Nomura maintains Shanda game to buy rating target 4 USD

Source: Internet
Author: User
Keywords Nomura Securities

News and information Technology http://www.aliyun.com/zixun/aggregation/17197.html "> Beijing time March 5, Nomura released its research report today to maintain the" buy "rating of the Shanda game stock, with a target price of $4.

The following is a summary of the report:

Investors have been worried about the short-term growth prospects of Shanda games in the past 3 quarters, especially given the slowing growth of old games such as the Blood legend and the legendary world, and the uncertain timing of new games such as Final Fantasy 14.

Shanda Gaming shares have been under pressure to fluctuate between 2.70 and 3.20 in recent months. While we understand that business fundamentals are still relatively weak and uncertainties remain in the short term, we believe that all risks are reflected in the stock price. And according to our cross check using the classification plus total valuation method (SOTP), the unit appears to be undervalued.

When using the classification plus total valuation method for cross check, we noted that:

1 Grand game has 453 million USD net cash and cash equivalents (excluding cash from Actoz). In addition, according to Actoz's latest stock price calculation, the company's 51.2% stake is also worth 218 million of dollars. The total amount of these assets is $671 million trillion, equivalent to $2.47 per share of ads (US depository shares), accounting for about 82.3% of Shanda's $814 million worth.

2 in the 2013 fiscal year, we estimate that Shanda will generate 205.4 million dollars in cash flow (excluding Actoz), which contributes $0.76 per share, with a corresponding free cash flow yield of 25.3%.

3 The total amount of net cash, Actoz shares and free cash flow in fiscal year 2013 will be 877 million U.S. dollars, equivalent to $3.23 per share ads. Even if the company's free cash flow of fiscal year 2013 is only 50% of our expectation, that is, ads of $0.38 per share, the total will still reach ads of $2.85 per share.
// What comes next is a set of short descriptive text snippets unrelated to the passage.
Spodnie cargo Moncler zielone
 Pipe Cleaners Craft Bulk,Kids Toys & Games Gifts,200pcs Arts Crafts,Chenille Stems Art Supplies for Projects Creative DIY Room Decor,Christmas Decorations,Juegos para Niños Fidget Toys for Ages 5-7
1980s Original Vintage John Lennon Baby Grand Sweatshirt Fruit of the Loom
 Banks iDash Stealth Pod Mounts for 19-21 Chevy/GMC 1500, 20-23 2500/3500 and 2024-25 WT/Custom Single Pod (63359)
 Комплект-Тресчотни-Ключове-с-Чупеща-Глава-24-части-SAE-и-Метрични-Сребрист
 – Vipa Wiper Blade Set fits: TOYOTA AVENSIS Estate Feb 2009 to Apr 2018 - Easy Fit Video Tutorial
4) We believe that Shanda's current 3-dollar share price suggests that its core gaming business is valued at almost zero. While business fundamentals may be weak in the short term, we believe that the big game fiscal year 2014 and future earnings and cash flows may still be positive.

In the first quarter of fiscal year 2013, we maintained revenue forecasts for 173.6 million US dollars (0.9% quarter-on-quarter growth) and 0.16 US dollar non-US GAAP earnings per share. For the entire 2013 fiscal year, our total revenue is expected to remain at $728.9 million (down 1.7%), and non-US GAAP earnings per share are expected to remain at $0.68 trillion. We reiterate the "buy" rating of the Grand game, with a target price of $4, which corresponds to 5.9 times times the expected earnings per share of our 2013 fiscal year 0.68. In our view, the risk of the unit falling at this stage is very small.